20 Years of Teaching Children to Read for a Lifetime of Enjoyment and Opportunity
2016 brought the publication of the second edition of Guided Reading, a seminal text that revolutionized the way children are taught reading throughout the United States. In the new edition, authors Irene Fountas—a Lesley professor—and Gay Su Pinnell use 20 years of insight and experience observing classrooms, trying new techniques, and talking with a variety of experts to remind and inform their readers of guided reading’s essential elements and its significant place in literacy learning.
In addition to a deeper understanding of guided reading's complexity and implementation, the new edition focuses on the concept of responsive teaching, “those moment-to-moment decisions that teachers make as they observe and analyze their students’ behaviors,” which then lead to more support for readers.

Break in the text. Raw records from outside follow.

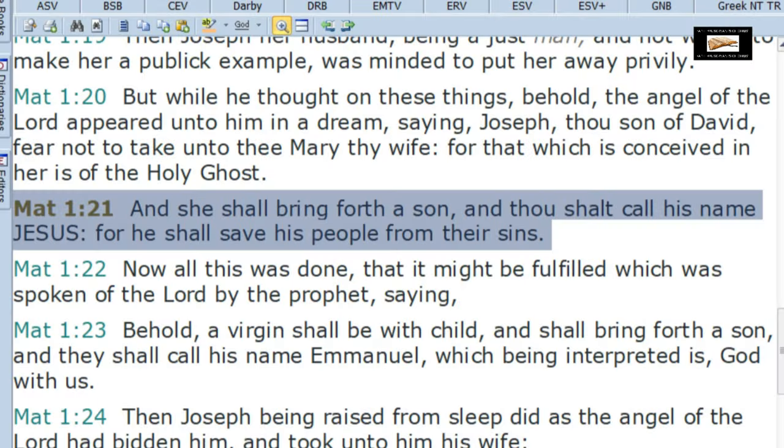They do the logical fallacy of negative inference, and I'm going to explain what that is as I read the verse. One of the verses they try to use is Matthew chapter 1 verse 21. Here it is: 'And she shall bring forth a son, and thou shalt call his name Jesus, for he shall save his people from their sins.'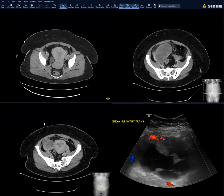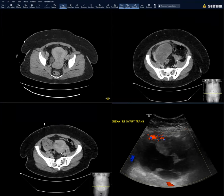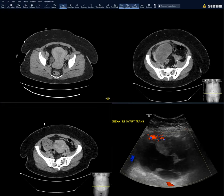This looks really rapidly growing — is it usually this aggressive? Usually not. I wonder if superimposed infection occurred at some point. Interesting case, thanks Josh.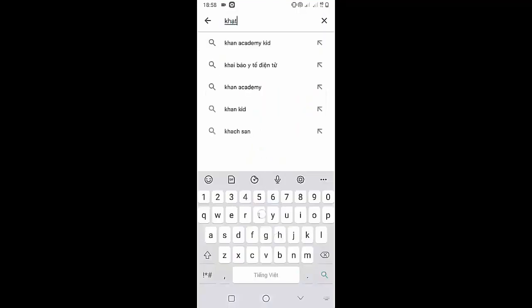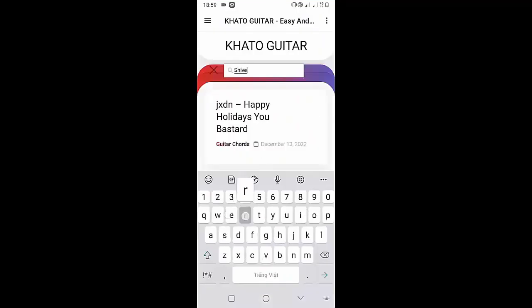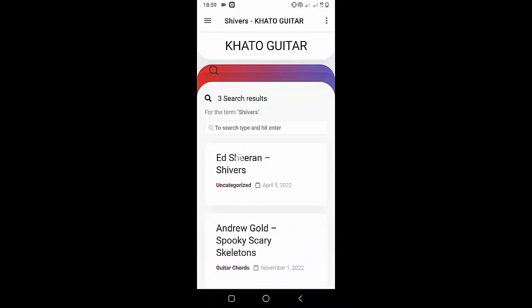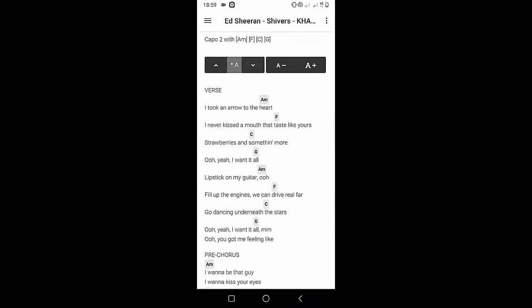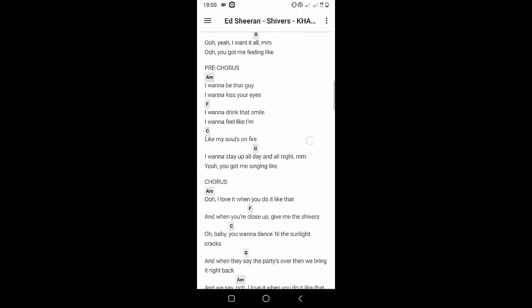Welcome to Kata Guitar channel. Before going to the song tutorial, download the Kata Guitar chord lookup software on the Google Play Store for easy tracking. Now it's time for the video tutorial.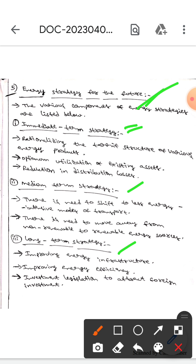The components of medium term strategy are: there is need to shift to less energy intensive modes of transport, and there is need to move away from non-renewable to renewable energy sources.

Responsive teaching, they say, sends students a powerful message: "Reading is thinking."
The guided reading concept was originally developed by Marie Clay and others in New Zealand in the 1960s, and was developed further in the US by Fountas and Pinnell. With guided reading, teachers work with small groups of students whom they have assessed to be reading at similar levels, providing them with level-appropriate books and problem-solving guidance. In the process, they both nurture and promote the skills the child already has and challenge the child to advance to increasingly complex texts.
Further goals of guided reading include providing opportunities for children to problem solve, read for meaning, expand knowledge, and think deeply about the world they meet in books: in short, to become lifelong readers.
Choosing books that are just right: leveled books match texts to readers
Guided reading teachers use leveled books, texts that have been analyzed and leveled from easiest to hardest (A-Z, or kindergarten through high school), giving them a place to start when choosing books. To level books, experts use a system of ten text characteristics:
- language/literary features
- sentence complexity
- book and print features
Leveled books make guided reading instruction effective by reinforcing what children know and challenging them to higher levels of proficiency. As they progress, children are then grouped and regrouped in a dynamic and fluid process that involves the teacher's ongoing observation and assessment of each student.